Items from a data source
○ ○ ○ ○
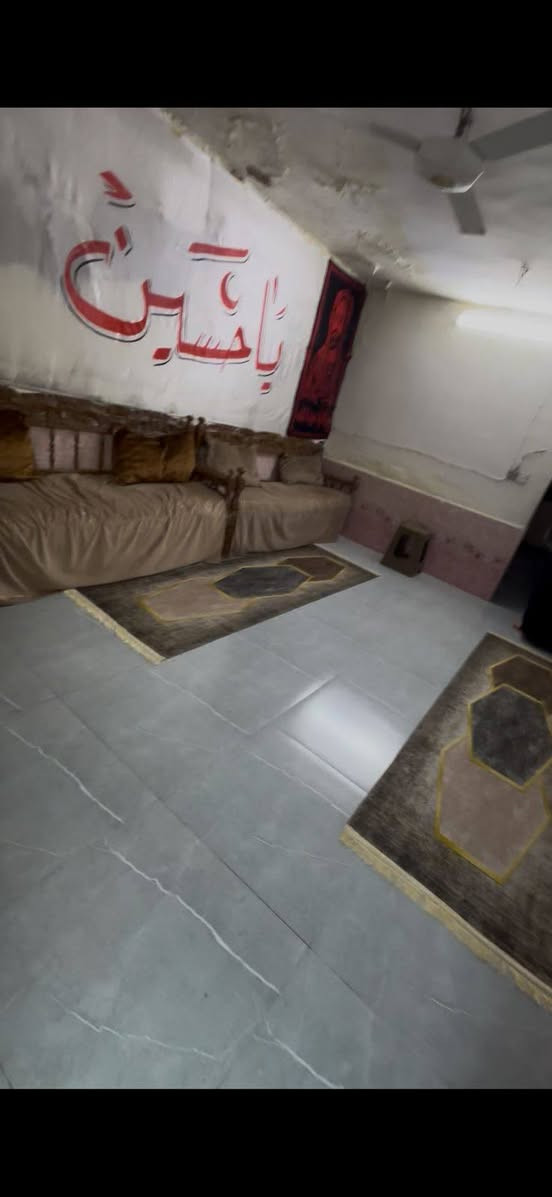 السلام عليكم
بيت 100 متر طابق واحد غرفة واستقبال ومطبخ وحمام مشترك ومنور وسطحين وتواليت خارجي .
بغداد الحسينية مال الراشدية/ الظباط الزهور قرب افران المرتضى .
السعر 58 
الاتصال ***********
ابو الحسن الحسني للعقارات 
متوفر واتساب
○ ○ ○ ○
About this exercise:
Write out exactly those lines running from the line with "بيت 100 متر" to the end of the data above, the first and last included.

Problem solution:
بيت 100 متر طابق واحد غرفة واستقبال ومطبخ وحمام مشترك ومنور وسطحين وتواليت خارجي .
بغداد الحسينية مال الراشدية/ الظباط الزهور قرب افران المرتضى .
السعر 58 
الاتصال ***********
ابو الحسن الحسني للعقارات 
متوفر واتساب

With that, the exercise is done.